Seminars
Participants are taught in small seminar groups of up to 10 students, and receive two one-on-one tutorials with their tutor.
Sunday
Seminar 1
An introduction to the anthropology of socio-cultural and personal meaning
This seminar introduces students to anthropology’s ways of working. We will ask to what extent concerns about meaning are specific to the human species. We will consider meanings as something produced culturally and personally and explore historical shifts from collective to subjective attributions of meaning.
Seminar 2
A life course approach: to what extent do we stay the same or change over the years?

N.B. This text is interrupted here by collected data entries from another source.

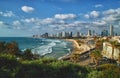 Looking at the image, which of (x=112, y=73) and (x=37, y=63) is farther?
(x=37, y=63)

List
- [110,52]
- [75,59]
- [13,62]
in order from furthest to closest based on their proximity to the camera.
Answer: [110,52]
[75,59]
[13,62]

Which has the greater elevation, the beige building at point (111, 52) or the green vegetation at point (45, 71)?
the green vegetation at point (45, 71)

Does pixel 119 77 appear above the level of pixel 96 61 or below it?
above

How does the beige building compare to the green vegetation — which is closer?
the green vegetation

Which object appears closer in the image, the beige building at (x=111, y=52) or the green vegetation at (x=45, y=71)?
the green vegetation at (x=45, y=71)

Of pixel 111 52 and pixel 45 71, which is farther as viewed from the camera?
pixel 111 52

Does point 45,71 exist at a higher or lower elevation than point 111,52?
higher

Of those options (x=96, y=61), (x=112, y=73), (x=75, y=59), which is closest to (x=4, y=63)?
(x=112, y=73)

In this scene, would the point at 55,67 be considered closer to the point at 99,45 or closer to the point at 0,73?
the point at 0,73

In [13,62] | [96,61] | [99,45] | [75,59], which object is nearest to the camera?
[13,62]

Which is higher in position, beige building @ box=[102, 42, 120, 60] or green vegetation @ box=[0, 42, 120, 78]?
green vegetation @ box=[0, 42, 120, 78]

This seminar develops perspectives on the life course as a framework and foundation of human existence. We will consider how biological ageing interacts with culture and associated debates on nature versus nurture. We will consider mortality and the passage of time and their implications upon life’s meanings.
Monday
Seminar 3
Childhood, education, and freedom
This seminar examines meanings associated with childhood and youth. We will explore varied constructions and experiences of these ages with a particular focus on gender. We will examine meanings of freedom for young people and contradictory experiences of education.
Seminar 4
Meanings in work
This seminar explores historical and cross-cultural perspectives on work as an aspect of people’s lives and interrogates work’s subjective meanings. Careers will be considered as a source of identity with ensuing fulfilment and/or frustrations. Intrinsic and extrinsic motivations towards work will be compared to unpack where meaning is located in the times, spaces, and social aspects of working lives.
Tuesday
Seminar 5
Leisure, hobbies, travel, and escape
This seminar engages leisurely activities and the notion of ‘free time’. How do people engage in leisure, privately and socially? What is meaningful about different leisurely activities, and how do they feature in routines, identities, values, and rationales for working or being alive?
Seminar 6
Friendships, partnerships, and romance
This seminar considers cross-cultural ideals and challenges of relationships, covering how meaning may emerge through connection. Perspectives are offered on individualism and its appeal and setbacks, from sexual liberalism to loneliness. The value of friendships and partnerships are examined in relation to the qualities and emotions they elicit.
Wednesday
Seminar 7
Meanings of home: from comfort to identity to existential boredom
This seminar examines the existential implications of material dwelling. How do forms of homemaking and souvenirs affect senses of self across different ages of life? To what extent does continuity or change in the material surroundings of a person’s life affect their identities and becoming?
Seminar 8
Materiality, cultural meaning, and personal meaning: field trip to the Pitt Rivers museum
In this study session, we will walk together to this remarkable museum collection. Students will be encouraged to consider art and artefacts as tools that help people in their quests to live. We will consider how materiality may form a vehicle for both cultural and personal meaning.
Thursday
Seminar 9
Family, children, responsibility, and care
This seminar engages meanings within family, child-raising, responsibility, and care. We will consider meanings of procreation in the context of passing on the species before perishing. We also explore the role of responsibility and care in infusing life with meaning and purpose.
Seminar 10
Meanings in older age
This seminar considers changes and challenges that occur through ageing and closer confrontation with mortality. We will explore themes of loss and continuity and how people adjust their horizons and activities with actual and anticipated decline. The notions of legacy and ‘rippling’ will be critically explored regarding the meanings of leaving a mark.
Friday
Seminar 11
Religion, politics, art, and euphoria: a search for something more
This seminar engages forms and meanings of transcendence. The centrality of religion to many people’s senses of meaning is explored. Other forms of higher experience are addressed such as political aspirations, artistic expression, and cultures of music and hedonism.
Seminar 12
Course conclusions: theorising and applying searches for meaning and motivation
This seminar draws together themes from the course and asks students for their insights on what they have learned. We will consider contemporary challenges of mental health and how these may relate to absences of meaning and motivation. We will discuss how to keep the spirit of learning alive after the course has ended.
Programme timetable
The daily timetable will normally be as follows:
Saturday
14.00–16.30 - Registration
16.30–17.00 - Orientation meeting
17.00–17.30 - Classroom orientation for tutor and students
17.30–18.00 - Drinks reception
18.00–20.00 - Welcome dinner
Sunday – Friday
09.00–10.30 - Seminar
10.30–11.00 - Tea/coffee break
11.00–12.30 - Seminar
12.30–13.30 - Lunch
13.30–18.00 - Afternoons are free for tutorials, individual study, course-related field trips or exploring the many places of interest in and around Oxford.
18.00–19.00 - Dinner (there is a formal gala dinner every Friday to close each week of the programme).
A range of optional social events will be offered throughout the summer school. These are likely to include: a quiz night, visit to historic pubs in Oxford, visit to Christ Church for Evensong and after-dinner talks and discussions.